> Task statement: Give again, exactly as written, the lines of the records below from the line with "Building Photo - 10128 Amberton Cv" to the line with "2026 Hyundai Elantra SE - 2". Both end lines count; pictures do not.

> Data records:
Segment Open

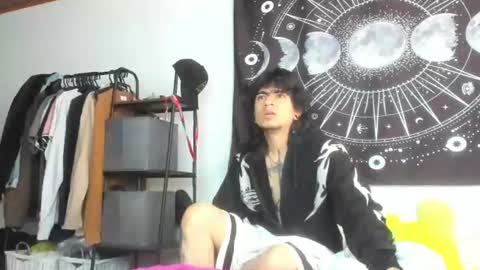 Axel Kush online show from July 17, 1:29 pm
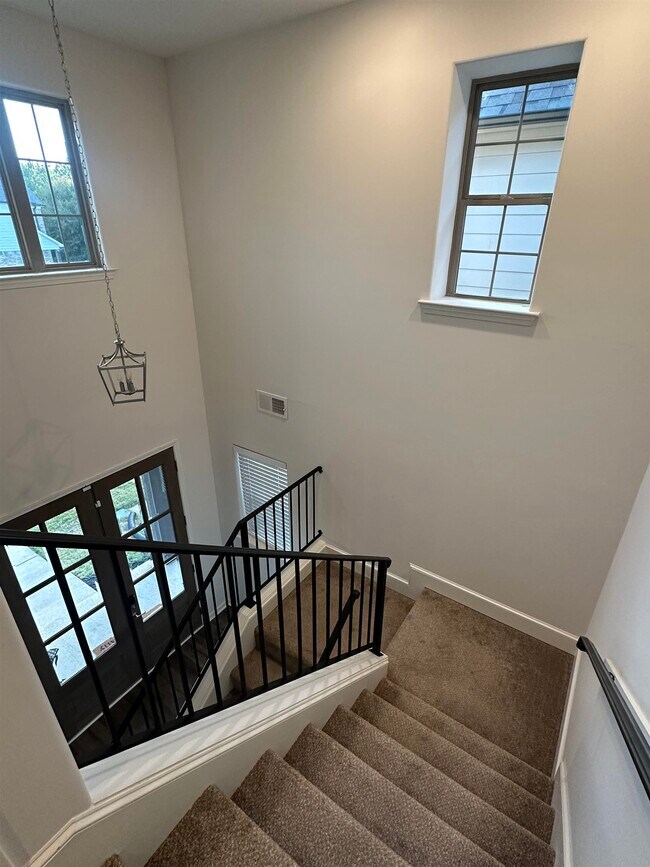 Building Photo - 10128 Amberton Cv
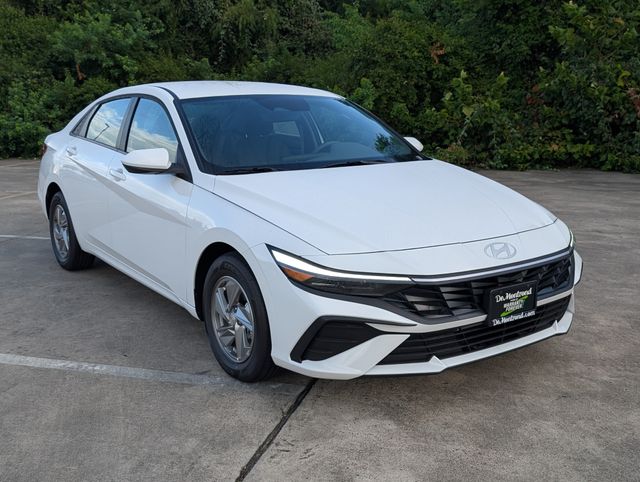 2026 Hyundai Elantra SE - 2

Segment Closed
Segment Open

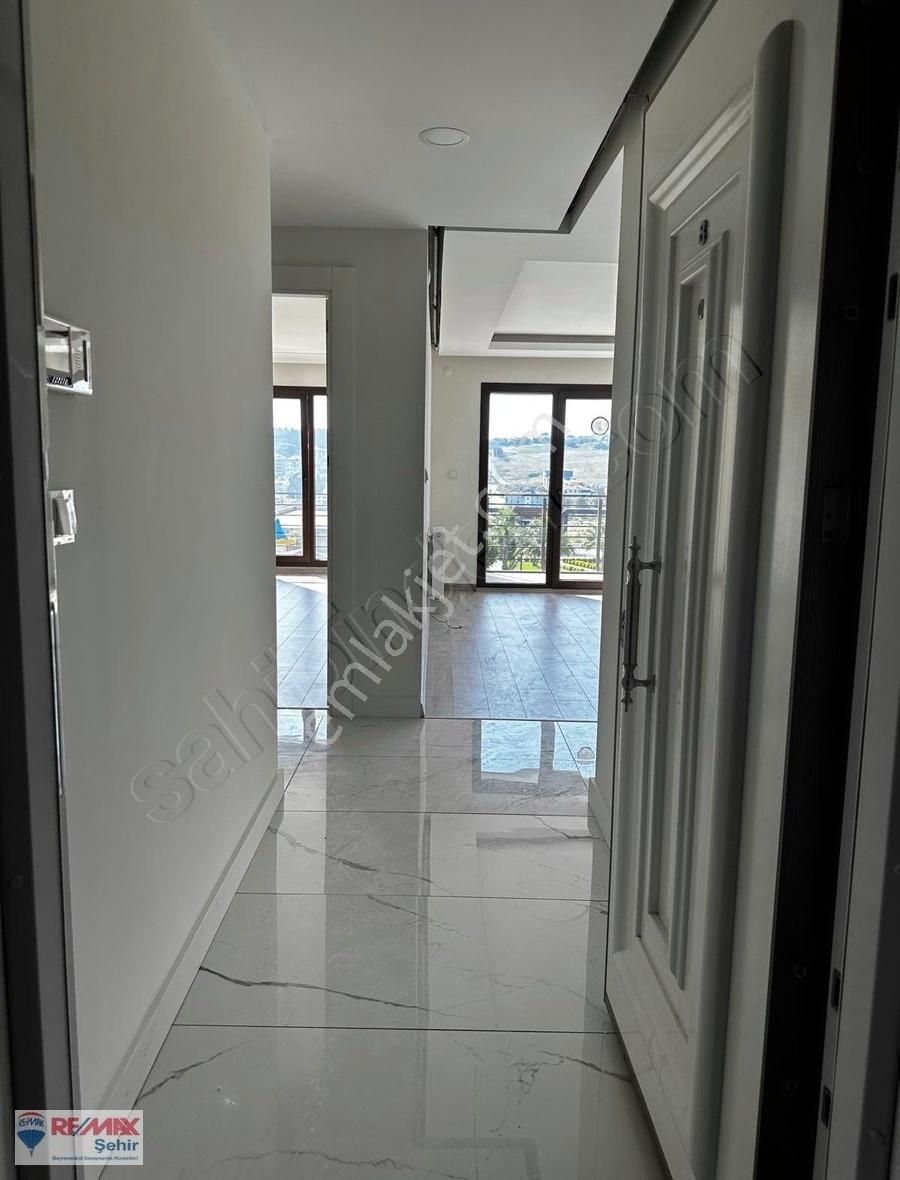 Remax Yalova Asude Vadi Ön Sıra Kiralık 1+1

Segment Closed
Segment Open

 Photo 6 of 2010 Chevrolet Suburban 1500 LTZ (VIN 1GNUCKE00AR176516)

Segment Closed

> Expected answer:
 Building Photo - 10128 Amberton Cv
 2026 Hyundai Elantra SE - 2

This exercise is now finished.